Here’s a copy of the news release:
Atlanta Braves president John Schuerholz announced today that executive vice president and general manager Frank Wren has been dismissed. Schuerholz has named former Major League executive and MLB Network analyst John Hart as the club’s interim general manager.
In addition, the Braves have formed a three-person transition team that will include Schuerholz and Hart, as well as Hall of Famer and former Braves field manager Bobby Cox. This transition team will conduct the search to find a permanent general manager.
Hart, 66, joined the Braves in November 2013 as Senior Advisor, Baseball Operations. He spent eight seasons (2006-13) as a senior advisor with the Texas Rangers organization, following four seasons (2002-05) as that club’s general manager. He has been an analyst for the MLB Network since 2009.
Before joining the Rangers in November 2001, Hart spent 13 seasons with the Cleveland Indians, including the last 10 as executive vice president and general manager. After not advancing to postseason play since 1954, Cleveland captured six American League Central Division titles in a span of seven seasons (1995-2001), including two American League pennants (1995 and ’97) under Hart’s leadership. He was honored by The Sporting News as the Major League Executive of the Year in both 1994 and ’95.
Wren was in his 15th season with the Braves and his seventh as the club’s general manager. He was named to the GM post on October 11, 2007, when Schuerholz became the team president. Wren previously served eight seasons (2000-07) as the Braves’ vice president/assistant general manager.
I’ll have a new blog posted shortly
It was exactly one month ago today when I sat with Braves CEO Terry McGuirk at a Buckhead breakfast spot and he sought to assure the masses that this potentially wasted season would not go unnoticed or un-acted upon.
“Everybody is accountable,” McGuirk said after a series of questions about the job performances of general manager Frank Wren and manager Fredi Gonzalez. “You just mentioned two guys who are accountable, I’m holding myself accountable. I don’t want to make any predictions. I don’t want to say even how or when meetings will occur. But if we don’t have success, know that we won’t be satisfied and we’ll be looking at things very hard.”
Some people hoped he would make some declaration like, “We’ll fire (fill in the blank)!”
That promise is seldom uttered in the real world. But the reality is this franchise needs a new direction, whether it’s in the front office, in the clubhouse or both. The Braves have had one good month. That was back in April.
It’s possible Wren will get fired. It’s possible Gonzalez will get fired. It has even been suggested the Braves will settle for some cosmetic change and bring in some overseer — above Wren and below McGuirk and team president John Schuerholz — to take a temperature of things and help guide the franchise for a season. (Thought: This option wouldn’t please anybody.)
I’ll weigh in with some feelings later in the week on what I believe the team should do, although it’s been no secret I’ve found fault in roster construction for two years.

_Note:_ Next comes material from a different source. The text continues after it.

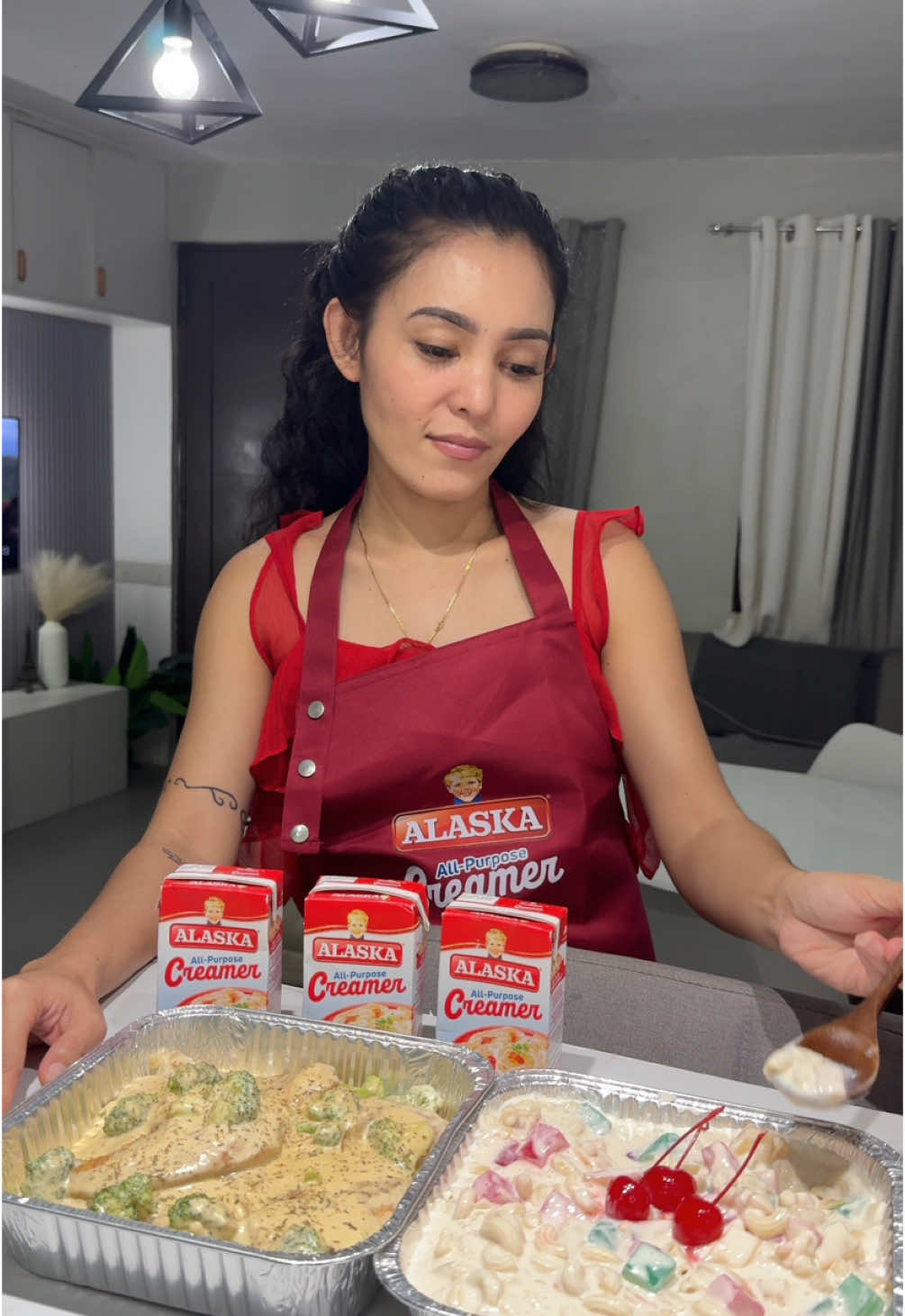 Tuwing pasko, staple sa amin ang creamy dishes. With my new discovery na Alaska All Purpose Creamer, masarap at special ang handaan ko!#AlaskaAllPurposeCreamer  @Alaska Nanay Club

This much is certain: McGuirk is on the clock. This is a huge test of his power because he never has made a decision like this before. This franchise has been known for stability. The Braves haven’t fired a general manager or manager since Russ Nixon was bounced as skipper in June of 1990. That’s when Bobby Cox (then the general manager) went downstairs to take over the team and then team president Stan Kasten hired Schuerholz as general manager.
The Braves have seven games left in the season. But they were mathematically eliminated from the playoffs Sunday and realistically looked to be going nowhere weeks ago. McGuirk has had several weeks to think of this decision. I wouldn’t expect it to take much longer. If an announcement is not made this week, expect something shortly after the final game in Philadelphia.
We’re about to find out just how accountable McGuirk is going to make everyone.